This post was originally published in Practical Parenting Magazine, June 2013
Last week I put my foot down. Six year old Peanut, who had spent the day at school and then the afternoon making flower potions, was refusing to eat her dinner. She was bunging it on. I was sure. ‘I feel nosey’, she moaned. ‘She means nauseous’, my husband Keith translated.
‘No, Peanut, ‘I said firmly. ‘You will eat that salad.’ She gazed wanly at me but I stood strong. There was a standoff. ‘NOSEY!’ she said. ‘Nope’, Keith answered. We winked at each other, pleased at the firm and loving boundaries we were setting together. And then Peanut threw up, copiously and violently, onto her dinner plate. When the heaving was over, she raised her head, eyes glittering with the thrill of victory, and probably fever, and spluttered ‘I told you I was sick!’ I don’t think I have ever seen her so happy. Keith patted her head and I fetched a tea-towel, and when our eyes met this time, the unspoken shared message was ‘Together, we will burn in Hades.’

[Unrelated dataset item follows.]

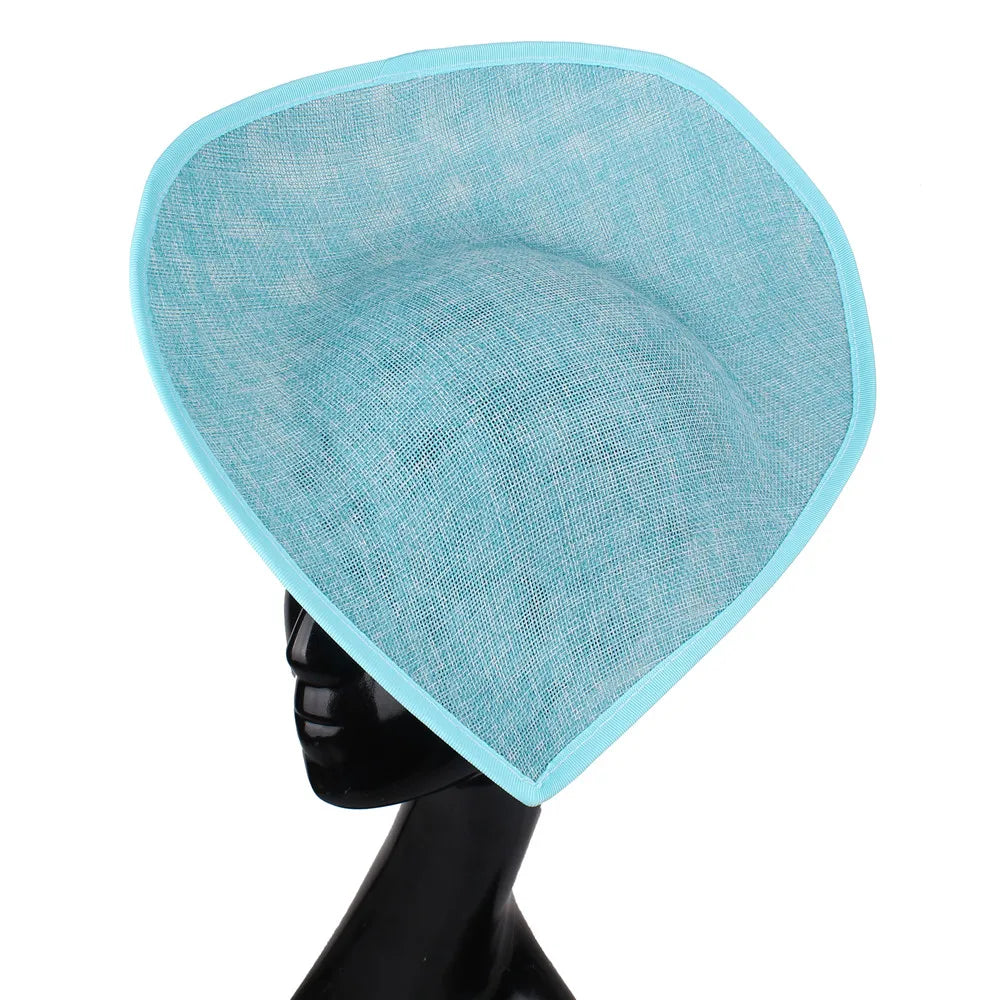 30CM Dark Green Imitation Sinamay Fascinator Base – DIY Wedding Hat, Church, Derby & Cocktail Headwear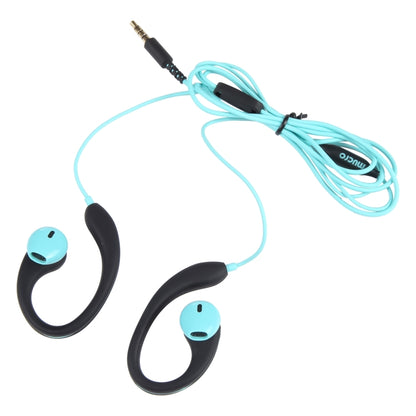 Mucro R12 Wired Stereo Over-Ear Sports Earphone, Length: 1.2m(Blue) - Sport Earphone by Mucro | Online Shopping UK | buy2fix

Oh, vomit, you evil nemesis. You have been my constant, stinky companion for the last two weeks. All three kids have been sick, and the soft furnishings and I have been spewed on from every possible angle. I am so tired of washing linen and bleaching floors. So exhausted from days spent patting backs and rocking while the washing machine hums steadily in the background and the Mount Washmore of unfolded laundry grows terrifyingly tall. I long for a mini-break to a pristine, antiseptic room with the freshness of Scandinavia.
But vomit, it seems, is part of the parenthood deal. And it starts early. I remember one day when baby Peanut lay kicking and gurgling next to Keith and I as we sat on the floor, eating lunch in a patch of sunshine. Such a charming domestic scene. ‘Eep!’ I said. ‘What sauce have you put on this chicken? Is that parmesan?’ I tasted it again. Ooh, bad. ‘I didn’t put any sauce on the chicken,’ said Keith. I inspected the little pool on my plate, and realised, hopelessly, that the baby had thrown up on my lunch and then I had eaten it.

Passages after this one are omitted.